Mas foi no curso de pedagogia que Carolina Bori conheceu sua segunda paixão, a psicologia. “A psicologia foi o campo que me pareceu mais seguro, mais ligado ao conhecimento científico, diferente de outras áreas, que eram muito filosóficas.”
No período em que cursava a faculdade, Bori viu chegar na Universidade de São Paulo a professora Annita Cabral. Segundo os relatos de Bori, Cabral mudaria o ensino de Psicologia na instituição, antes dominado por um professor francês que via a disciplina como um campo filosófico.

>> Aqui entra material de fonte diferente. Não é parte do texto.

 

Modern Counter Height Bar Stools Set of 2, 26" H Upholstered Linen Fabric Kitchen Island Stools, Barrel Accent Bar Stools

Com a nova docente, a Psicologia passou a ser ensinada como ciência. Cabral propunha uma revisão de conhecimentos e, principalmente, discussões individualizadas sobre as faculdades mentais, como a memória e a percepção. Foi com Cabral também que a universidade paulista começou a discutir os estudos experimentais na Psicologia.
Quando chegou ao último ano da graduação, Carolina Bori foi convidada por Annita Cabral para ser sua primeira assistente na cadeira de Psicologia da USP. Esse cargo lhe renderia o mestrado na New School for Social Research, em Nova Iorque, defendido em 1952.

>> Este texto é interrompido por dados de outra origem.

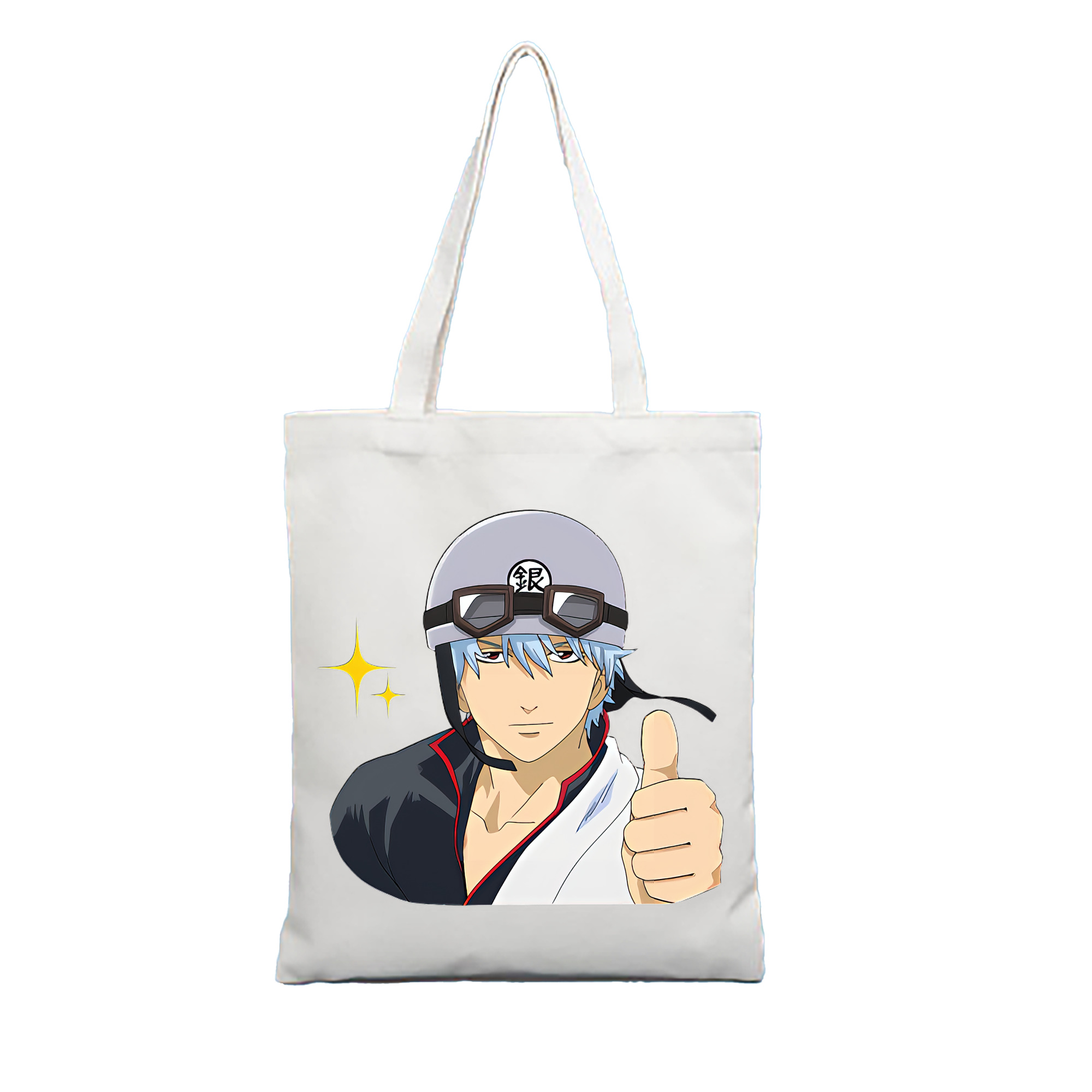 （画像用） ぎんたま 坂田銀時（さかたぎんとき） 神楽 志村新八（しむら しんぱち） GINTAMA Sakata Gintoki Kagura Shimura Shinpachi 縦型キャンバス生地手提げバッグ　トートバッグ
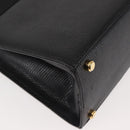 Salvatore Ferragamo Vala Hand Bag Embossed Leather Black Gold Auth BA5845-15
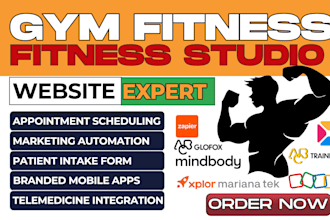 design gym website fitness yoga studio crossfit pilates personal trainer website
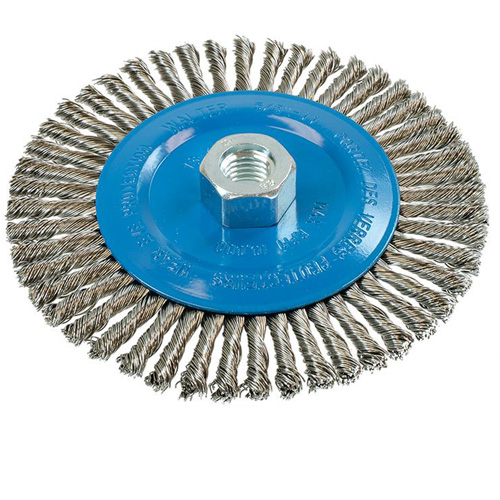 Knot-Twisted Stringer Bead Wire Wheel, 6" Dia., 0.02" Fill, 5/8"-11 Arbor, Aluminum/Stainless Steel Mukwa Safety Services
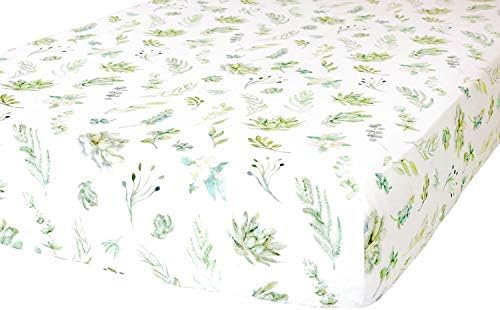 ADDISON BELLE 100 Cotton Crib Sheet with Succulents Print 1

“A professora Annita havia feito seu doutorado na New School e, como sua primeira assistente, fui encaminhada para lá. O catedrático tinha essa grande missão de orientar o seu assistente, escolher o lugar em que ele pudesse se aperfeiçoar e que atendesse ao interesse da cadeira.”

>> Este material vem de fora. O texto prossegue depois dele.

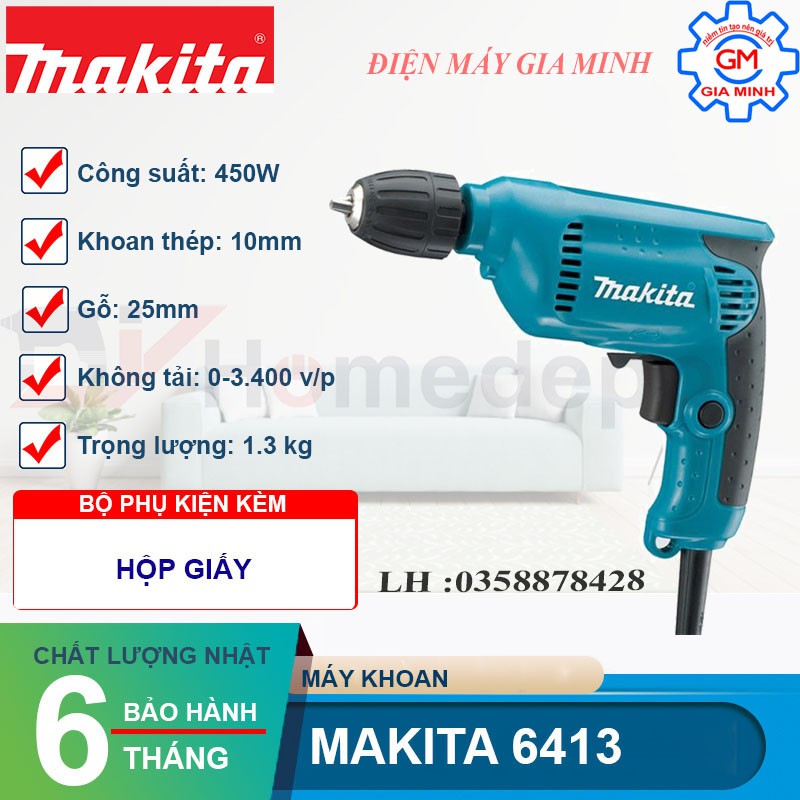 Máy khoan sắt thép gỗ Makita 6413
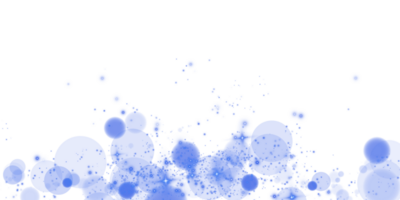 Discover the Bokeh Effect with Glowing Blue Orbs and Soft Sparkles on a Transparent Background for a dreamy look png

No mestrado, Carolina Bori estudou os experimentos realizados pelo psicólogo alemão Kurt Lewin (1890-1947) e seus discípulos sobre motivação, confrontando-os com teorias da época. Ao concluir o mestrado, retornou à USP e à orientação da professora Annita Cabral, para a realização do doutorado, título obtido em 1954.
“No doutorado, dei sequência ao tema do mestrado. Aproveitei para expor a teoria de motivação, utilizando dados de pesquisas de campo que fiz nos Estados Unidos. Eu achava que tinha que incluir na dissertação de mestrado pesquisa de campo, mas minha orientadora, a professora Tamara Dembo, julgou que apenas a elaboração teórica era suficiente. Quando voltei ao Brasil, utilizei os dados para a tese de doutorado que defendi na USP.”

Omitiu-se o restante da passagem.